The walk of faith - one of our rickety bridges that got flooded!

 

We had found out more about each other.  We had, at times, gotten on each other’s nerves.  But the common goal of being open and loving people through the vehicle of drilling wells, playing with children, or pulling teeth, had kept us united in our diversity.  We felt accomplished.  We felt satisfied.  And we felt connected – like a family.

At the end of every trip, we usually partake in a practice called “Communion.”  Communion comes from the tradition where Jesus, on the night before he died, had a final meal with His disciples.  At the meal, as they all talked and shared together, He took the bread that they were all getting ready to eat, thanked God for it, and then broke it into pieces and handed it out to His friends.  But as He broke it, He said this strange phrase:  ”Take this bread and eat it – this is my body which is broken for you…”  And I can imagine them confused and wondering what Jesus meant.  Then Jesus takes a cup of wine, and blessing it, says to His friends again, “this is my blood which is poured out for you as a sacrifice to forgive sins.  Drink this in remembrance of Me.”  And so this tradition, known as Communion, is what a lot of churches partake of.  (You can read about this tradition in Matthew 26:26-30 in the Bible)

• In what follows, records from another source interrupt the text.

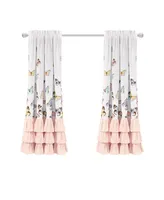 Flutter Butterfly 52" x 63" Ruffled Curtain Set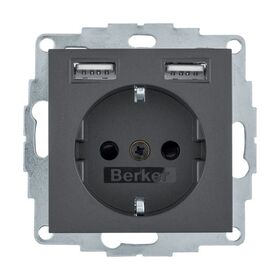 Розетка з з/к 16А/250В + 2хUSB/2.4A антрацит S.1/B.X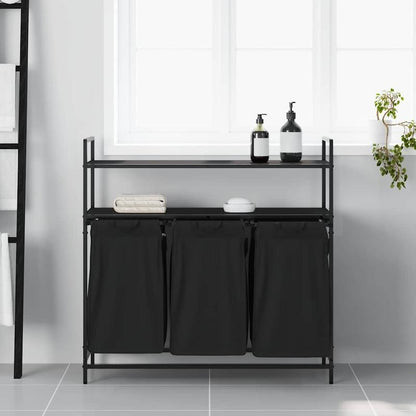 Wasbakje – Wastafel – Waskom – Spoelbak – Haarwasbak – 3-Vaks Wasmiddel Organizer – Dubbele Reken – Stevige Mesh Zakken – Klassiek Zwart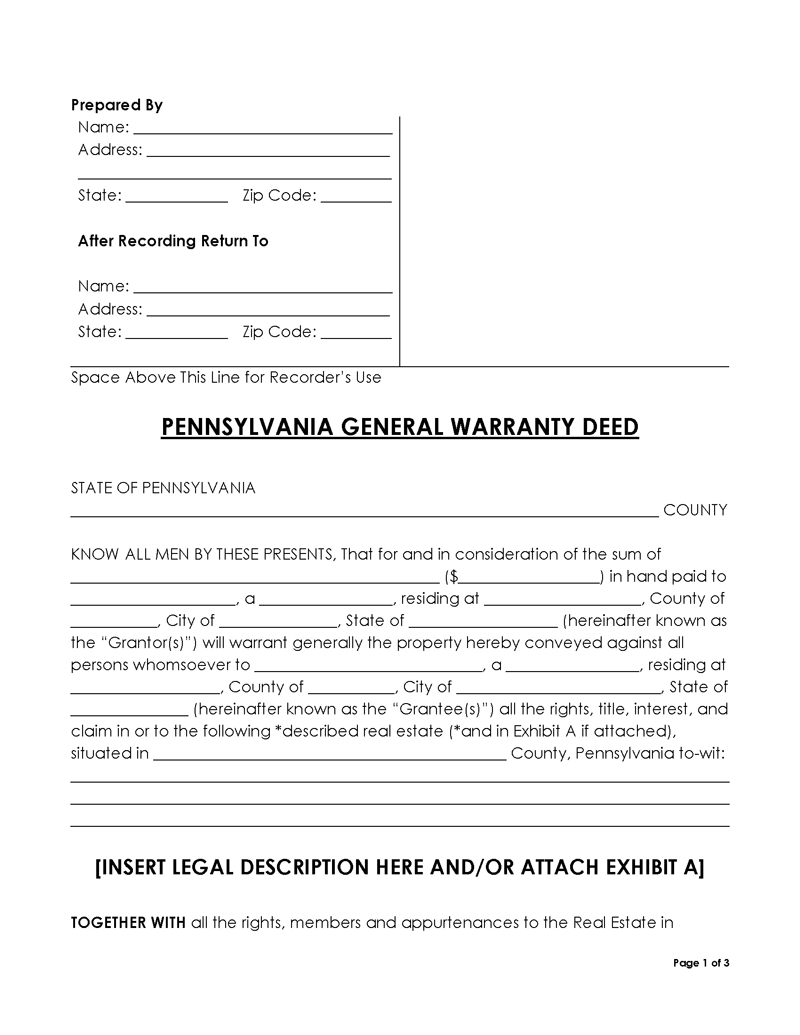 Pennsylvania general warranty deed form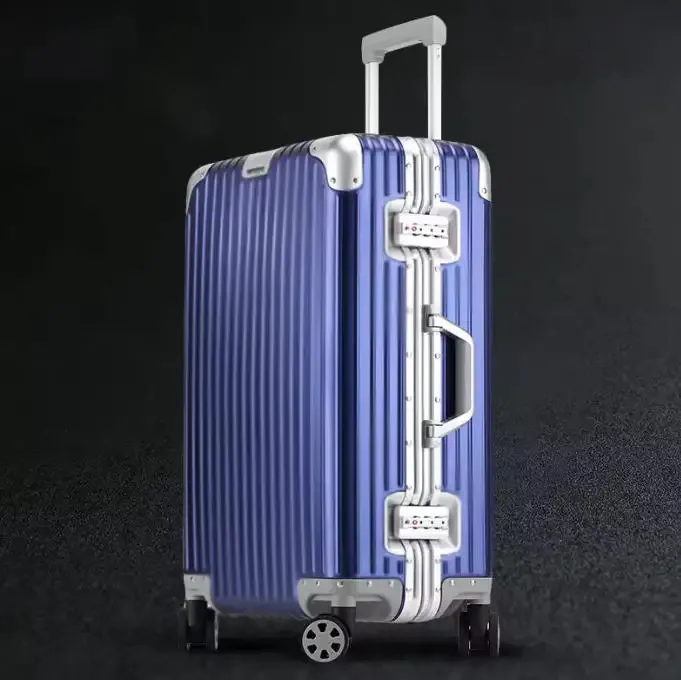 100% valise en aluminium cabine 20/22/24/26/29 pouces alliage de magnésium bagage à main mot de passe boîte tsa serrure métal dur boîtier de chariot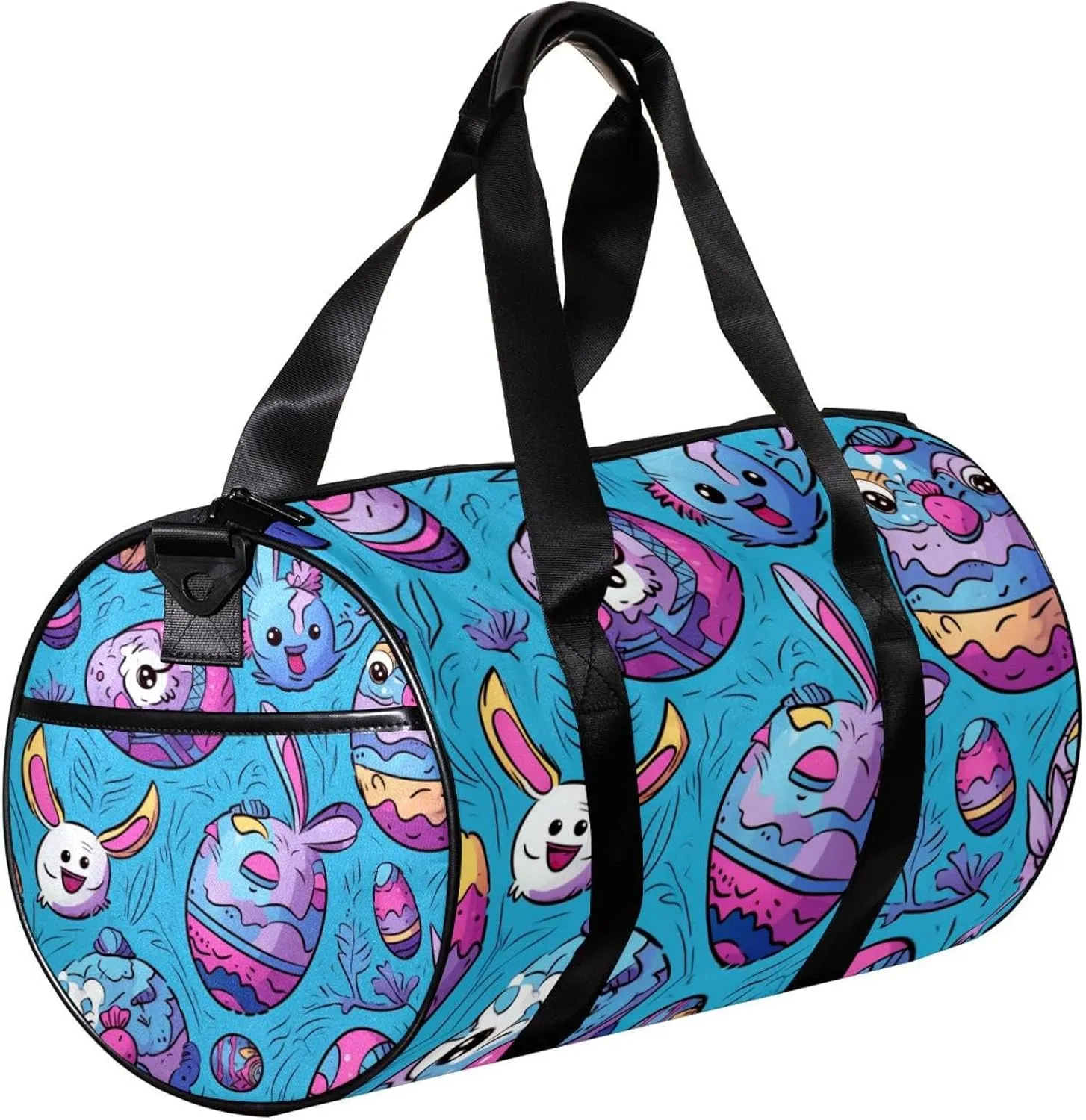 Gym Bag for Women,Small Gym Bag for Men,Bunny Colorful Egg Doodles,Overnight Bag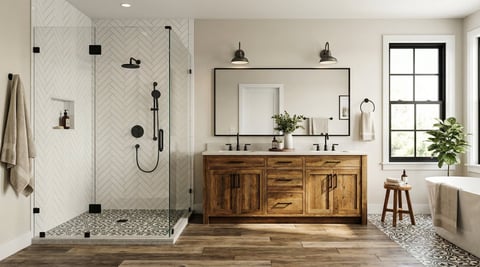 Modern bathroom with walk-in shower, wooden vanity, dual sinks, black fixtures, and patterned tile flooring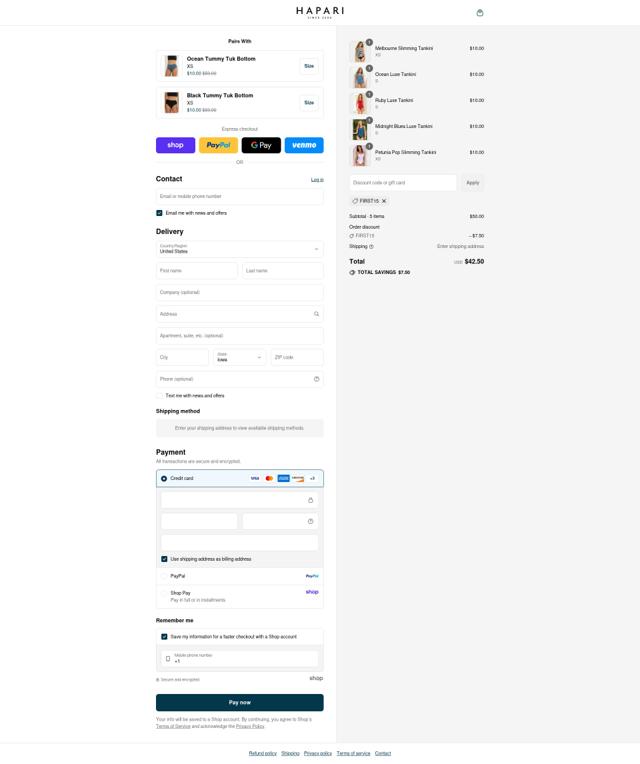Hapari checkout page showing Hapari discount code box | Screenshot taken by SimplyCodes community member on Sep 8, 2025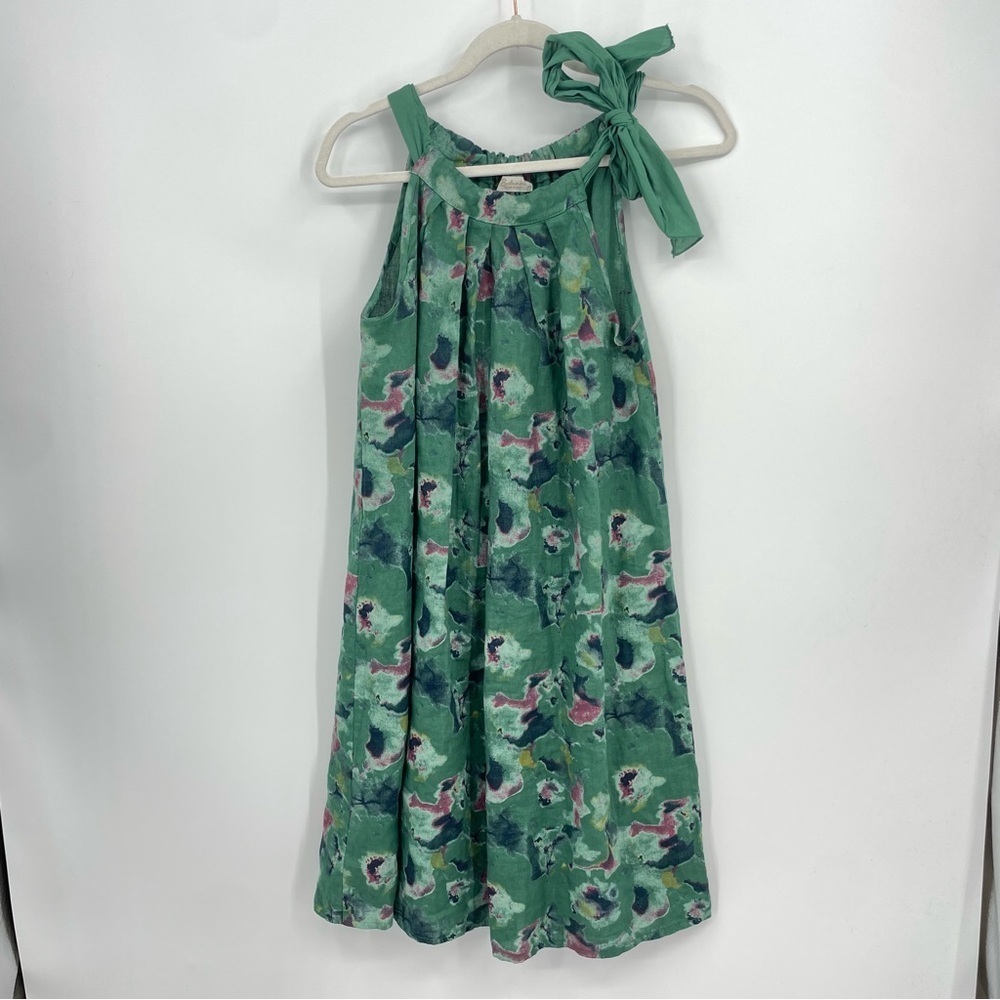 BELLAMBRA Green floral Linen Shift Dress, Shoulder Tie, Made in Italy Sz S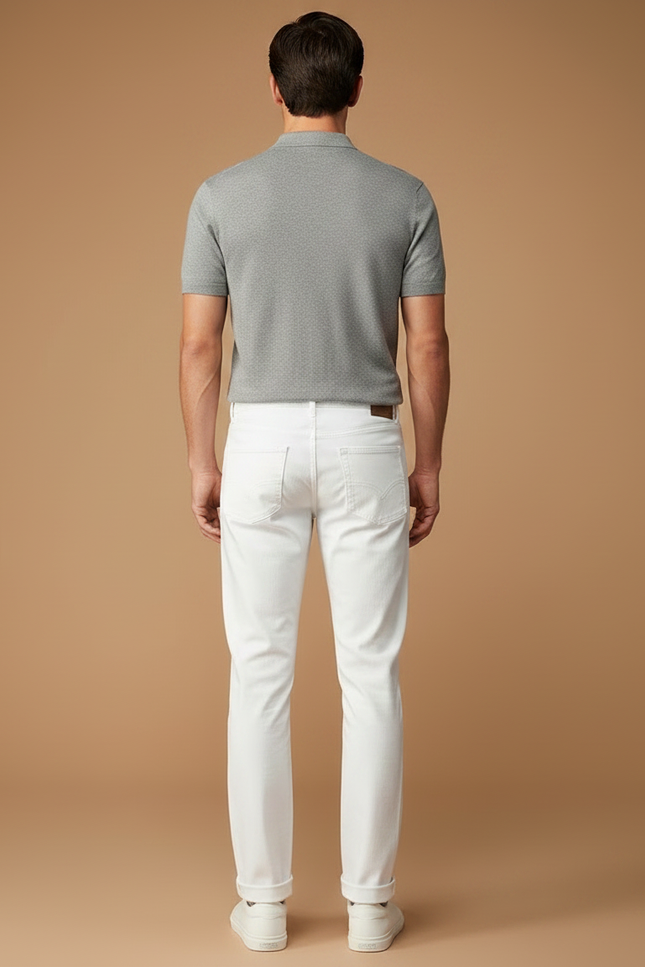 Pantalon Chino Blanc Coton Stretch Slim Homme - vue 2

In most churches, when they partake of Communion, it is a small wafer-type bread piece, almost smaller than a cracker.  And in some churches, for the Communion wine, it is either real wine, or grape juice, but it is a small sip from a tiny cup or a small sip from a cup that is shared.  And this service, known as Communion, is usually a symbol of taking Christ into the person, just like He said, “do this in remembrance of Me.”  And so at most Communion services, it is used as a symbol of forgiveness – taking in Christ’s “blood” to cleanse us from our sins, or partaking of His body to give us spiritual sustenance.

These practices of Communion are good reminders of what He did and still does do for us in our lives…

But what if Jesus actually literally meant what He said??

What if Jesus, when He said, “Do this in remembrance of Me” was talking about more than just eating a wafer or sipping a gulp of grape juice?  What if Jesus was saying, “Live this kind of lifestyle.  BE bread to someone, like I have been and am BREAD to you!  SACRIFICE your comfort, your selfishness, your lifestyle and pour it out for someone else.  BE a life-giving flood of love to others.  LIVE THIS IN REMEMBRANCE OF ME.”

And silly us – what if we are the ones who make it all hard and symbolic?  Did Jesus really mean for us to eat a tiny wafer and swallow a gulp of juice as a powerful reminder of His love and life?  Don’t get me wrong – these symbols can be powerful reminders to us of what He did and is doing in our lives.  However, we, as humans, are usually the ones who make things a lot more complicated then they were meant to be.  What if Jesus was talking about real life, and how we are to LIVE in a lifestyle of COMMUNION with ALL people, everywhere, because we are in COMMUNION with Him?

Now I’m not talking about a commune.  What I’m talking about is actually being the body of Christ and the blood of Christ to every person I come in contact with.  And in every miniscule detail of my life, I am then living a lifestyle of communion with Christ and with the world around me.  I become bread – whether that means listening to someone, or feeding someone, or connecting someone with an organization that can help them, etc.  I become the wine to others – whether that means forgiving others, or providing them with a safe place to just be, or to help quench their thirst, or to help carry their burdens and help them smile or laugh again.  I BE who God made me to be, in where ever I find myself to be.  And I do this because God did it for me.  I do this, I live this, I BE this because I am in COMMUNION with that God of LOVE.  And therefore I am in COMMUNION with every other sacred living being around me.  And it’s not something I fake – it’s something I am!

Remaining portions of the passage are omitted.